Aftermarket Remanufactured DDECs
When I buy parts for my F350 or my Chevy I usually go Motorcraft and ACDelco. When I don’t I go with a specialist like Timken or South Bend. I go out of my way to buy from companies that have dedicated themselves to being the best at one thing and grown a strong reputation for it. Compared to other areas of the aftermarket parts industry ECM remanufacturers are relatively small and tend to have poor reputations. Their websites are vague and the business owner almost never shows his face. If you’re running an honest business you don’t have any reason to hide. It’s no wonder as to why eBay is where you find the cheapest “reman” ECMs on the market. Anyways, I’ve been specializing in Detroits for almost a year but I still get calls from Cat and Cummins owners looking for an ECM company they can trust. Lately I tell them to go OEM because, based on what I’ve seen over the last few years, the poor reputation the industry I am in is justified and I see examples every day that reinforce that.

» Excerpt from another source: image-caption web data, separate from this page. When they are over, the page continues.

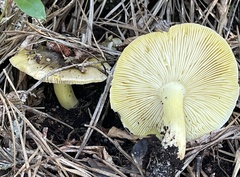 Tricholoma palustre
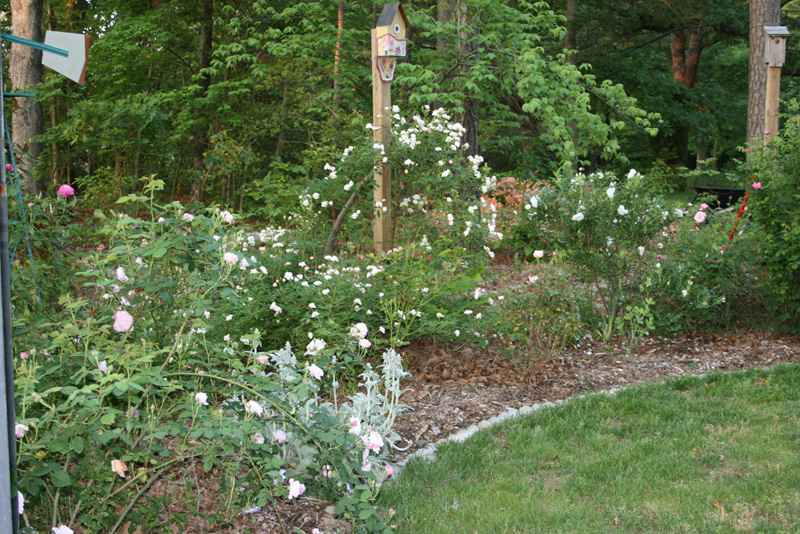 Trier and other roses blooming May 2007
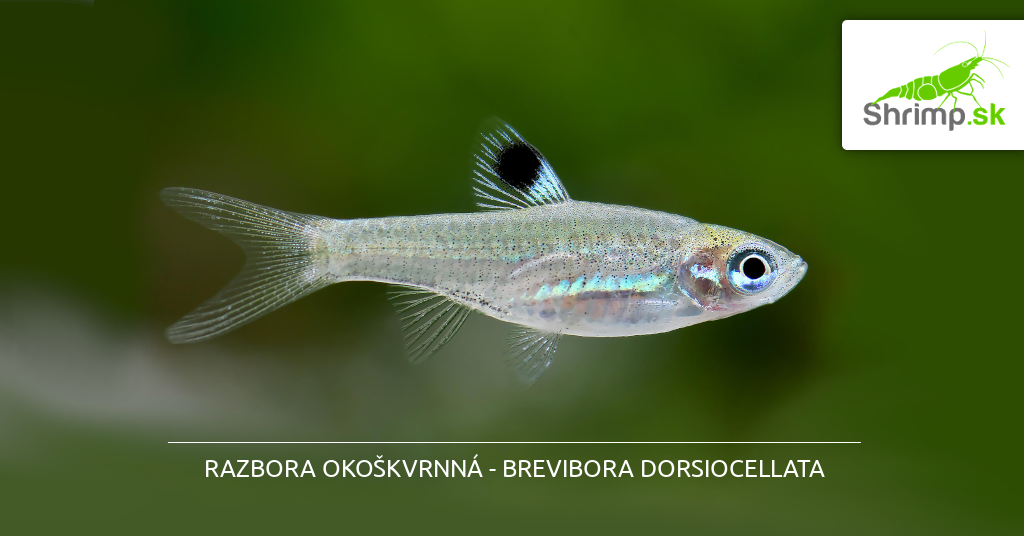 razbora-ryby-do-akvaria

Many repair jobs I do are for owner operators who have been burned by bad eBay rebuilders or one of the Texas or Florida based ECM rebuilders. Some repair jobs are directly from these rebuilders and sometimes they are up front about it and sometimes they aren’t. Just last month I had this character give me an address that turned out to be a freight forwarding service down in Miami. I wouldn’t have caught on if I didn’t ask him about his injectors. He got unusually defensive when I did. He told me he was a driver not a mechanic and didn’t know what an injector was. I had another guy tell me his DDEC IV wasn’t turning the glow plugs on in his Series 60 and he wanted to know if I could kindly give him the part number of the internal battery along with a quote on the repair. It’s fun to play along but when I’ve got trucks that are down I hang up the phone. Guys like this are the reason the aftermarket ECM rebuilding industry has a bad reputation. To some of these remanufacturers a rebuild is time in a blast cabinet and a paint job. To others it’s a battery and gasket maker smeared on top of the old gasket material. For this guy it was a service plate, a used battery, a fresh sticker on the case, and nothing else. They didn’t even bother to wipe the road grime off the circuit board or out of the bottom of the case. Notice how clean the back plate is? Whoever sealed it up didn’t know and didn’t care that this DDEC had a digital signal processor issue that made the engine’s throttle run wild. Take a look at these photos. Does this look like a dead battery problem to you? Whoever sealed this up apparently thought so.